SUPPLIED ENTRIES:
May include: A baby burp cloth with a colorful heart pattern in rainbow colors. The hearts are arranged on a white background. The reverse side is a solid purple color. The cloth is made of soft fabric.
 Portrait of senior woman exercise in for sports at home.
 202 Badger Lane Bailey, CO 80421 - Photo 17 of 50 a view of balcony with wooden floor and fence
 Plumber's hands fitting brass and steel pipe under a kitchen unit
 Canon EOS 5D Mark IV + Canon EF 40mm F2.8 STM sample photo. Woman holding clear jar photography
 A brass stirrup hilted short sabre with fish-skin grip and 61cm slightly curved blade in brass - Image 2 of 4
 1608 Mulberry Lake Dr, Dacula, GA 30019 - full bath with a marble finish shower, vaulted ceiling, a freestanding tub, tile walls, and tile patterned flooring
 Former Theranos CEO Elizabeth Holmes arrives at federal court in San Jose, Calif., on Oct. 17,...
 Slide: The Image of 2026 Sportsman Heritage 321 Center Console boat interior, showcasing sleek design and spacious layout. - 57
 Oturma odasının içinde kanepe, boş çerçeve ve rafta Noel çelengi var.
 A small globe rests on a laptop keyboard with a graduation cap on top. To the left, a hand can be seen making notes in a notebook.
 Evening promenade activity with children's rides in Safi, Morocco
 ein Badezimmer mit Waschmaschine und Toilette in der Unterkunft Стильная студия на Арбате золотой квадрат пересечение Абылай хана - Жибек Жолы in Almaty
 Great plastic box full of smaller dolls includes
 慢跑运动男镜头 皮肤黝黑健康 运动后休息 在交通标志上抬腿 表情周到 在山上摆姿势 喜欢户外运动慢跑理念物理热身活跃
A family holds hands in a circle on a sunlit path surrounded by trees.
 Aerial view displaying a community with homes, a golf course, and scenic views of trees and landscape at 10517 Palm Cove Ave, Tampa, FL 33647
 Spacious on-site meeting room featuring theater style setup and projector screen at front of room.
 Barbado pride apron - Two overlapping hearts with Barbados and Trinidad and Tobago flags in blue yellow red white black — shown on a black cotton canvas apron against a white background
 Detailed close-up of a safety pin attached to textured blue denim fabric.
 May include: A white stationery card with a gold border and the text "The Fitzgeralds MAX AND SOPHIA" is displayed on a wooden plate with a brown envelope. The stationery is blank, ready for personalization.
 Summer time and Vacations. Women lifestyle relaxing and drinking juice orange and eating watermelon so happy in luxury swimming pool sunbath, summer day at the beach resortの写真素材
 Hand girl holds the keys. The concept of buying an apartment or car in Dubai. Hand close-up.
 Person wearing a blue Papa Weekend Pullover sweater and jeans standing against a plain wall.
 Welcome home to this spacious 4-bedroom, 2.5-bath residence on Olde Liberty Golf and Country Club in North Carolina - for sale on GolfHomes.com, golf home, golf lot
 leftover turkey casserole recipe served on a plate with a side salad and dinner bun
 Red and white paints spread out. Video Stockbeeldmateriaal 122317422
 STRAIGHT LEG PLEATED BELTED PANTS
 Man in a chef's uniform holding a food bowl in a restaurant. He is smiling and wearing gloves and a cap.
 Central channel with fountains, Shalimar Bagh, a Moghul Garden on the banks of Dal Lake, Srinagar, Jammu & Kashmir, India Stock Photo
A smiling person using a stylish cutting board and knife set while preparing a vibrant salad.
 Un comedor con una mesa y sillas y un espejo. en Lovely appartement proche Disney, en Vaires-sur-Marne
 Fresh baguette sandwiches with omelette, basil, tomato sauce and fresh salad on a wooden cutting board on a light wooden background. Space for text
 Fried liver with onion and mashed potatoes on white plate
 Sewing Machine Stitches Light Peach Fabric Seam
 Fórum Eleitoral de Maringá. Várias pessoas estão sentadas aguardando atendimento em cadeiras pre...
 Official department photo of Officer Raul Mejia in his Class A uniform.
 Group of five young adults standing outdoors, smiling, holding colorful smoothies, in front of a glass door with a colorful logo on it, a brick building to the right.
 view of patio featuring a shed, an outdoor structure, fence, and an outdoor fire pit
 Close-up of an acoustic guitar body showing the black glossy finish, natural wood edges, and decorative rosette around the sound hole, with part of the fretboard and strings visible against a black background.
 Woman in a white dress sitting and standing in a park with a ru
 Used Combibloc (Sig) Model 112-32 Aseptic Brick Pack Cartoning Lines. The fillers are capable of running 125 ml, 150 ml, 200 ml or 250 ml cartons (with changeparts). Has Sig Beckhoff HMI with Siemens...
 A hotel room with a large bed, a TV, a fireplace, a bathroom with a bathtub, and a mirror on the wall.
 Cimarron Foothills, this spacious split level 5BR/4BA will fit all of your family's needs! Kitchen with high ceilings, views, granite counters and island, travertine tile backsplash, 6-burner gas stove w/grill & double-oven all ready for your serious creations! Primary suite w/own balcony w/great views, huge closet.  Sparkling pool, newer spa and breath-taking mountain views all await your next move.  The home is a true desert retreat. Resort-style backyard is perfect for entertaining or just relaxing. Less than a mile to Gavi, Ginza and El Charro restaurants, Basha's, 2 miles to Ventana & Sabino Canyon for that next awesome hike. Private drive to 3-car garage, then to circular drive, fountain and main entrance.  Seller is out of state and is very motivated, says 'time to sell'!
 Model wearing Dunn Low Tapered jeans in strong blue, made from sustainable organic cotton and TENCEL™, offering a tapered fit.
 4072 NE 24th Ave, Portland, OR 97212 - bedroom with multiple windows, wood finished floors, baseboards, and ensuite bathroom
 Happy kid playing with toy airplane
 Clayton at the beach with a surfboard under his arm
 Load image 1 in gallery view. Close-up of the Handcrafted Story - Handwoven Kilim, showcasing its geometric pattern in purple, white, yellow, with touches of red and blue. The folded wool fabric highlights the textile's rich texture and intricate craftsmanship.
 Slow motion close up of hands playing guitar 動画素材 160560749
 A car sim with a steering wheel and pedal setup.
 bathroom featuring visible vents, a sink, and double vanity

EXERCISE INSTRUCTIONS:
From the records above, copy only the lines starting with the line that holds "Official department photo" and going on through the line that holds "Clayton at the", exactly as written.

RESPONSE TO THIS EXERCISE:
 Official department photo of Officer Raul Mejia in his Class A uniform.
 Group of five young adults standing outdoors, smiling, holding colorful smoothies, in front of a glass door with a colorful logo on it, a brick building to the right.
 view of patio featuring a shed, an outdoor structure, fence, and an outdoor fire pit
 Close-up of an acoustic guitar body showing the black glossy finish, natural wood edges, and decorative rosette around the sound hole, with part of the fretboard and strings visible against a black background.
 Woman in a white dress sitting and standing in a park with a ru
 Used Combibloc (Sig) Model 112-32 Aseptic Brick Pack Cartoning Lines. The fillers are capable of running 125 ml, 150 ml, 200 ml or 250 ml cartons (with changeparts). Has Sig Beckhoff HMI with Siemens...
 A hotel room with a large bed, a TV, a fireplace, a bathroom with a bathtub, and a mirror on the wall.
 Cimarron Foothills, this spacious split level 5BR/4BA will fit all of your family's needs! Kitchen with high ceilings, views, granite counters and island, travertine tile backsplash, 6-burner gas stove w/grill & double-oven all ready for your serious creations! Primary suite w/own balcony w/great views, huge closet.  Sparkling pool, newer spa and breath-taking mountain views all await your next move.  The home is a true desert retreat. Resort-style backyard is perfect for entertaining or just relaxing. Less than a mile to Gavi, Ginza and El Charro restaurants, Basha's, 2 miles to Ventana & Sabino Canyon for that next awesome hike. Private drive to 3-car garage, then to circular drive, fountain and main entrance.  Seller is out of state and is very motivated, says 'time to sell'!
 Model wearing Dunn Low Tapered jeans in strong blue, made from sustainable organic cotton and TENCEL™, offering a tapered fit.
 4072 NE 24th Ave, Portland, OR 97212 - bedroom with multiple windows, wood finished floors, baseboards, and ensuite bathroom
 Happy kid playing with toy airplane
 Clayton at the beach with a surfboard under his arm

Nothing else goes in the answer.